The term infinite can be defined either by spatially or temporally. Temporally, as I said before, all things are infinite except for the spirits of some animals besides man, plants, fungi, monista and protista. Spatially, the void is infinite, God, and His Heaven is infinite, while all other things are spatially finite.

The lower space can be characterized as space below the planetary systems, but when it is said to include hell, the definition is said to include the inner parts of the larger planetary (not stars or excesses) bodies because of the place Satan’s lair is located.

Without Him having created the creatum, there would be nothing, not even the void, except for Him. He created the void, all spaces, and all beings, including therefore the creation of temporal sense.

God Himself is said to be an unmoved mover by Descartes and Aristotle, and I too endorse this statement. He is infinite spatially and temporally (whether or not the notion of time is noted). He exists at all times in all spaces in one way or another, and is in all places at once.

Spiritual matter of the man is generated in the middle space, and is later relocated to the higher or lower space, and with man’s spirit, no spiritual matter is ever discarded. (* note that any other spiritual matter beside God’s and man’s is discarded on a daily basis because of lack of presence of nous).

Material matter is never discarded, again, only relocated to other spaces. Like the chemists say, no matter is created or destroyed, but I revise their standpoint to say that beyond the Genesis when the creatum was first made no matter is created (creation of new beings by sexual or asexual reproduction is not creating new material matter, only spiritual matter. When a sperm fertilizes an egg in sexual reproduction, the fertilized egg in its spot has only to grow into another human being, therefore material matter is conserved). This leads to further laws and theories.

Conservation Law: (An extension of the chemist’s law of conservation of mass)  After the creatum was created by God during the Genesis, no material matter is created or destroyed, only relocated (or changed to different beings, like also the chemists say that during a reaction two elements change totally by composition and physical qualities, and are completely different from what they were after the reaction. This shows that not only can matter be relocated, but it can be changed without the creation or destruction of matter).

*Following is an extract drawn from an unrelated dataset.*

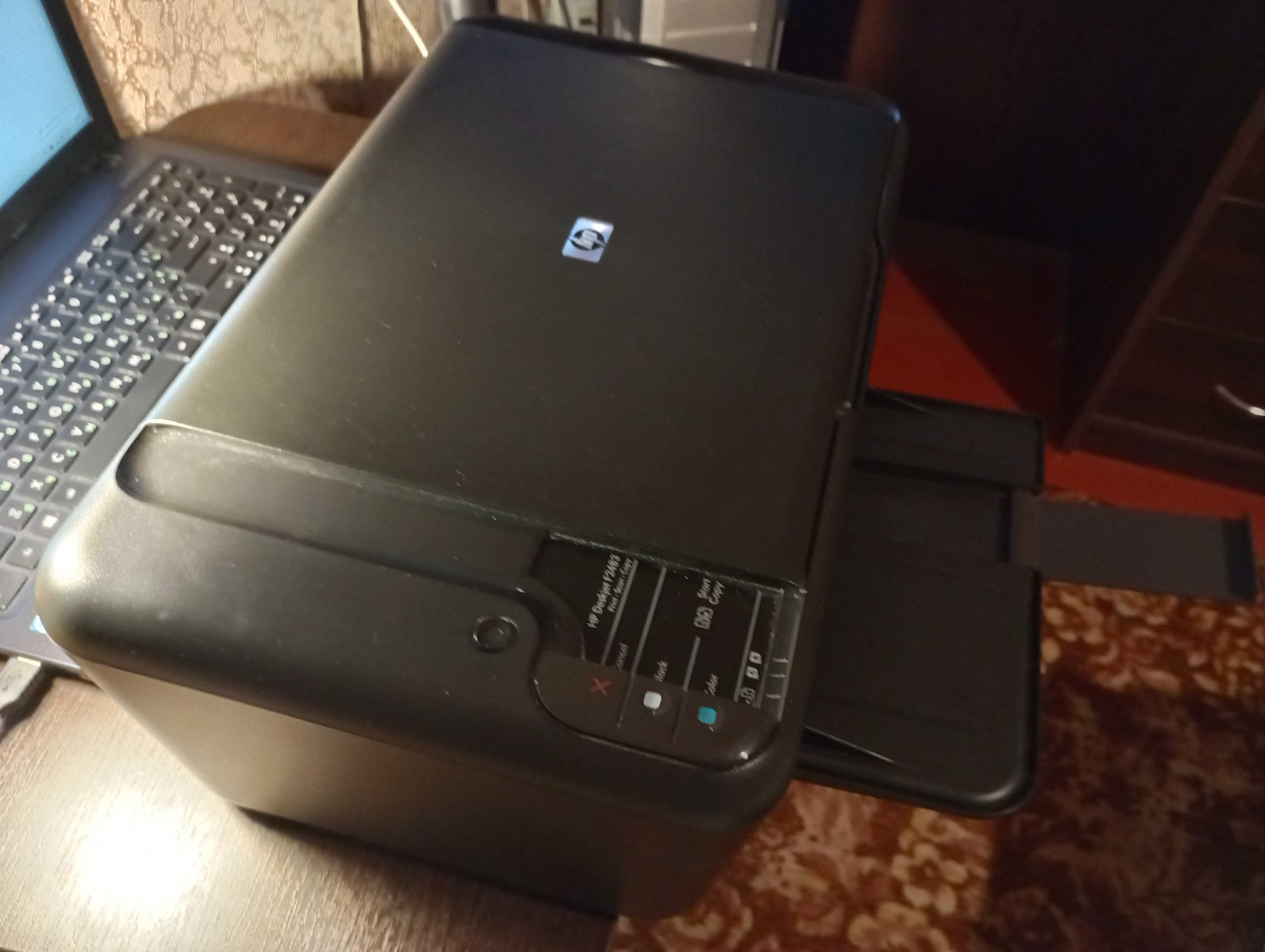 HP DeskJet F2483 принтер/сканер.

Conservation Law: After the creatum where all things besides God were created by God, only non-nous souls are destroyed. All nous souls are never destroyed, only relocated from the middle space to the lower or the higher space based on certain commitments while within the middle space. God’s soul is never destroyed or created. His supreme soul never came into being, but has always existed, and will never cease to exist. The fact that a being within the universe has the ability to always exist for all eternity but never actually come into being is an impossible concept for us to understand, but something we must still accept as truth (This is something we are able to understand if our soul is relocated to the higher space).

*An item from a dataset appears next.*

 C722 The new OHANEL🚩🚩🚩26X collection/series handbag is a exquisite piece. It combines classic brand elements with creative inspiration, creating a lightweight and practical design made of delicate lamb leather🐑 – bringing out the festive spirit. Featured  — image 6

The beings of the world are classified by three main categories, and therefore many sub-categories because we must understand where we are, who we are, and what we discuss and look at, before we declare metaphysical and theological statements to be truths. The logical positivists and the empiricists (and the empirical positivists) did not assess the beings of the universe in a correct way, leading to their rash decision to discard metaphysics and theology.  My statement for them is that there are solutions coming to their problems by metaphysicians and theologians. They have not yet become mature theories to be introduced among all branches of philosophy for understanding and application.

The above is a precedent to further defenses of metaphysics and theologies.